-
Notifications
You must be signed in to change notification settings - Fork 11.1k
UnimplementedAsyncRequest constructor races with GenericAsyncRequest causing crashes #32356
Description
What version of gRPC and what language are you using?
The bug seems to be very old, so the exact version does not matter.
What operating system (Linux, Windows,...) and version?
Linux
What runtime / compiler are you using (e.g. python version or version of gcc)
We use clang, but the compiler doesn't matter.
What did you do?
We call cq->Next(&tag, ok) from multiple threads.
What did you expect to see?
We expect to only ever see values of tags that we provided.
What did you see instead?
Recently we started to occasionally see our grpc servers crashing right after the call to cq->Next. Debugging showed, that Next returns true, indicating the event is available, however tag turned out to be nullptr. Since we cast it to our interface and call a method on it, this caused crashes when loading a vptr. Further debugging showed that the call to FinalizeResult in CompletionQueue::AsyncNextInternal returns true, but the tag is nullptr. When inspecting core_cq_tag we observed the object is actually UnimplementedAsyncRequest, however UnimplementedAsyncRequest::FinalizeResult should always returns false, so it was puzzling at first how it could ever return true.
Turns out there's a race in UnimplementedAsyncRequest constructor.
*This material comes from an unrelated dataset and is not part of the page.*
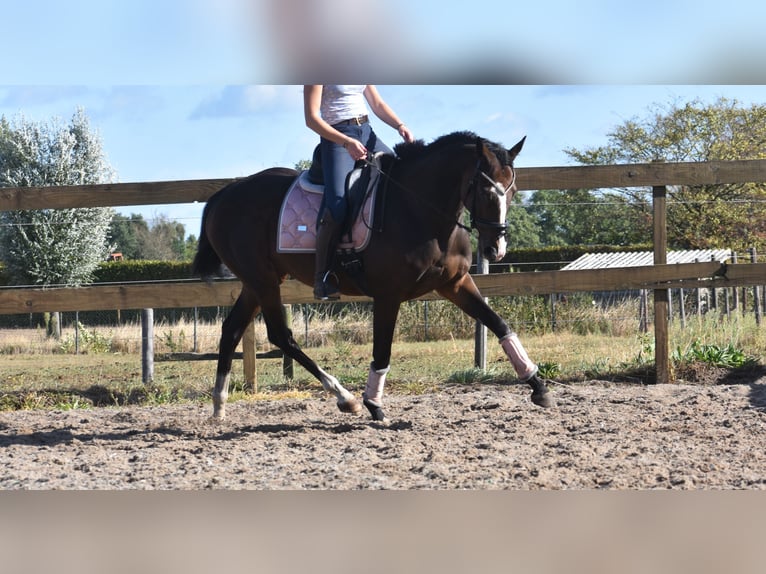 Andere Rassen Merrie 9 Jaar 162 cm Donkerbruin in Achtmaal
When it calls to GenericAsyncRequest, it starts the request right there, however the vptr is pointing to GenericAsyncRequest at that time. Later UnimplementedAsyncRequest updates vptr to its vtable, but it looks like the request may already start being handled on another thread, and AsyncNextInternal manages to catch it in a state when vptr is still pointing to GenericAsyncRequest, calling GenericAsyncRequest::FinalizeResult. It returns true, bypassing UnimplementedAsyncRequest override, and it indeed has tag initialized to nullptr by default.
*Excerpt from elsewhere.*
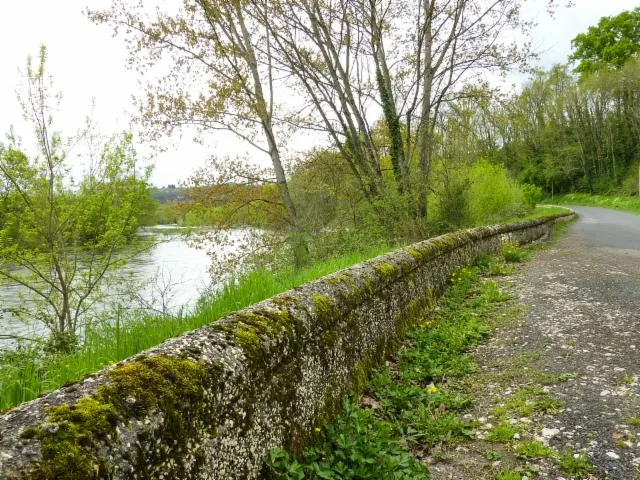 Image qui illustre: Balade dans la Vallée de la Dordogne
It looks like our users tried using a new grpc service, which was not served by our server yet, this triggered a lot of unimplemented requests, which started triggering the race under heavy load. Workaround of delaying grpc_server_request_call in GenericAsyncRequest until UnimplementedAsyncRequest constructor body stopped crashes for us, confirming that the problem is indeed with UnimplementedAsyncRequest.